Jim Anderson, Chairman and CEO, stated “While we are certainly disappointed that iLogistix did not close and believe that their lawsuit is without merit, we are shifting our focus to actively pursue other transactions which we hope will provide similar or greater benefits to Zomax and our world class customers. We plan to use our financial strength to expand our business domestically and internationally, particularly in the Asian market, during 2002. As we explore other acquisition opportunities, our customers will continue to benefit from our single-minded focus on delivering value today while planning for the future.”
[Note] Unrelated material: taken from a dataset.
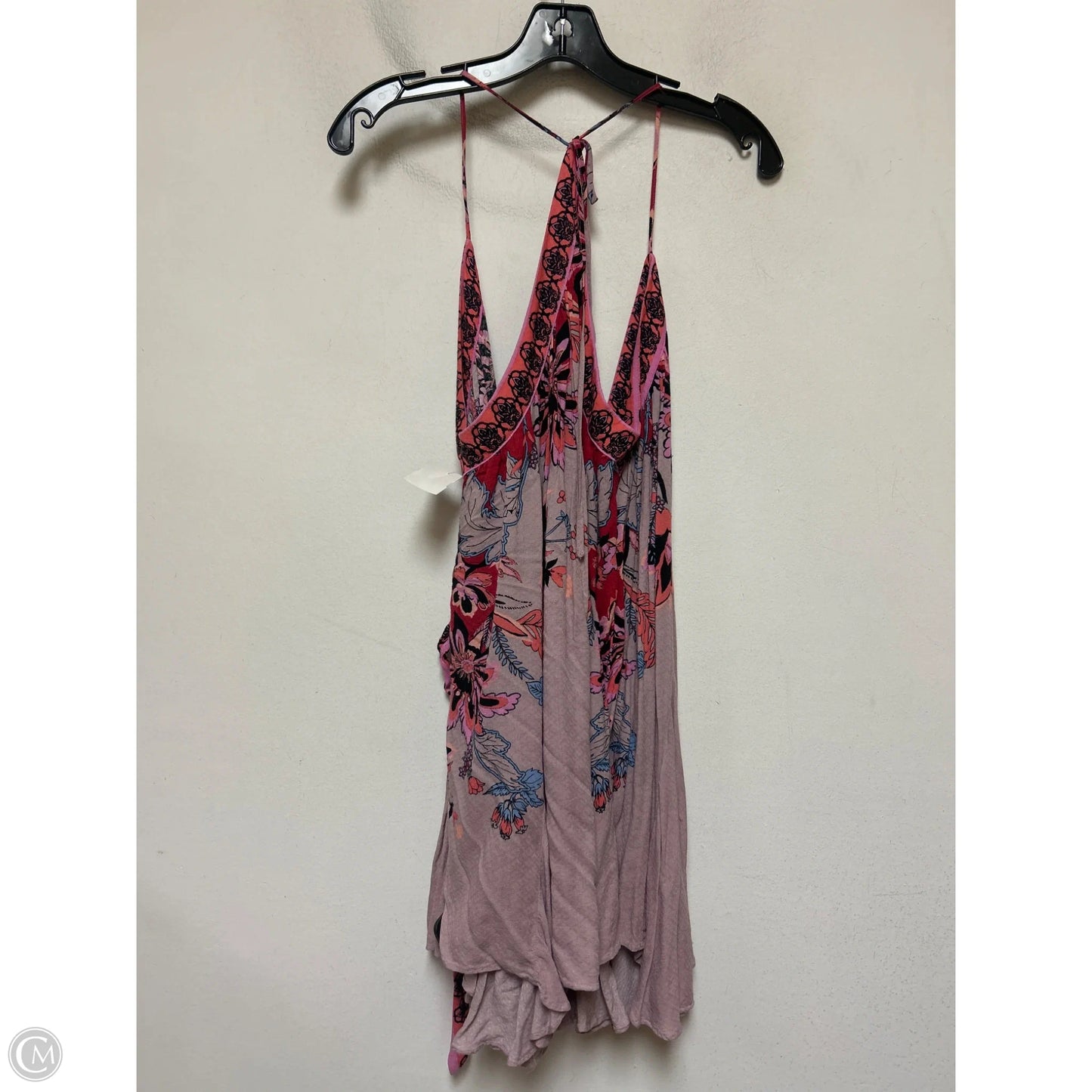 Top Sleeveless By Free People In Pink & Purple, Size: Xs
Zomax is a leading international outsource provider of process management services. The Company’s fully integrated services include “front-end” E-commerce support, call center and customer support solutions; DVD authoring services; CD and DVD mastering; CD and DVD replication; supply chain and inventory management; graphic design; print management; assembly; packaging; warehousing; distribution and fulfillment; and RMA processing. The Company’s Common Stock is traded on the Nasdaq National Market under the symbol “ZOMX.”
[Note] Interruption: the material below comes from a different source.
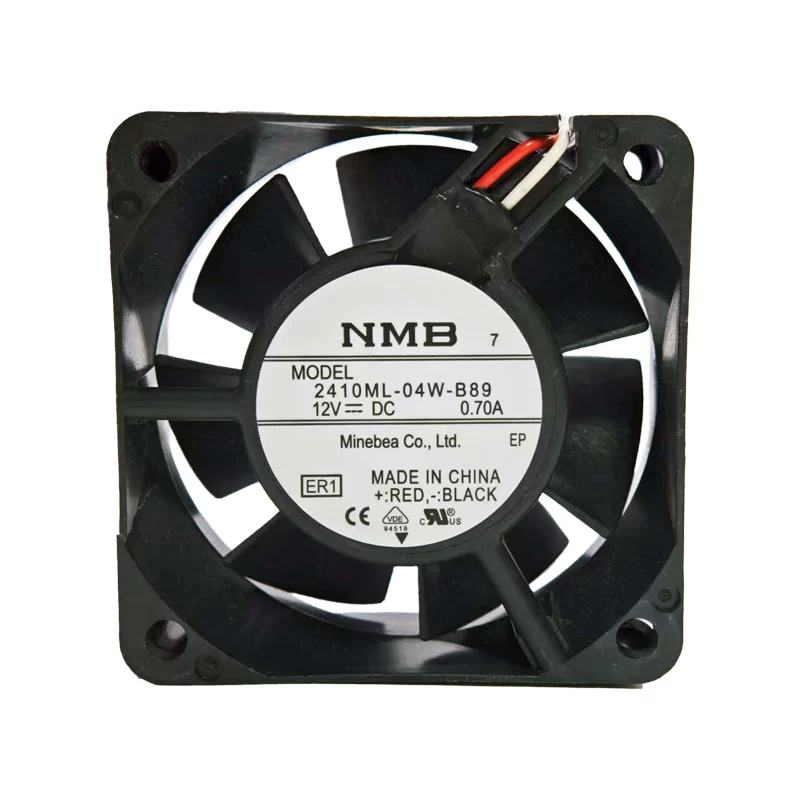 2410ML-04W-B89-ER1 NMB 12V DC Axial Fan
Certain statements contained in this press release relating to the lawsuit, transactions, acquisitions, domestic and international expansion, expansion in the Asian market, intentions, beliefs, plans and opportunities are “forward-looking statements” within the meaning of the Private Securities Litigation Reform Act of 1995 and involve known and unknown risks, uncertainties and other factors that may cause the Company’s actual results, performance or
achievements to be materially different from the results, performance or achievements expressed or implied by the forward-looking statements.
Factors that impact such forward-looking statements include, among others, the growth rate of our marketplace, product and customer mix, currency fluctuations, the ability of our customers to continue offering competitive products, the impact of competition and pricing pressures from actual and potential competitors, the cost of raw materials, our ability to hire and retain competent employees, changes in general economic conditions and interest rates, and other factors identified in the Company’s filings with the Securities and Exchange Commission.
Zomax Incorporated assumes no obligation to update any forward-looking statements. We cannot guarantee the completion of any acquisitions, future results, levels of activity, and/or Company performance.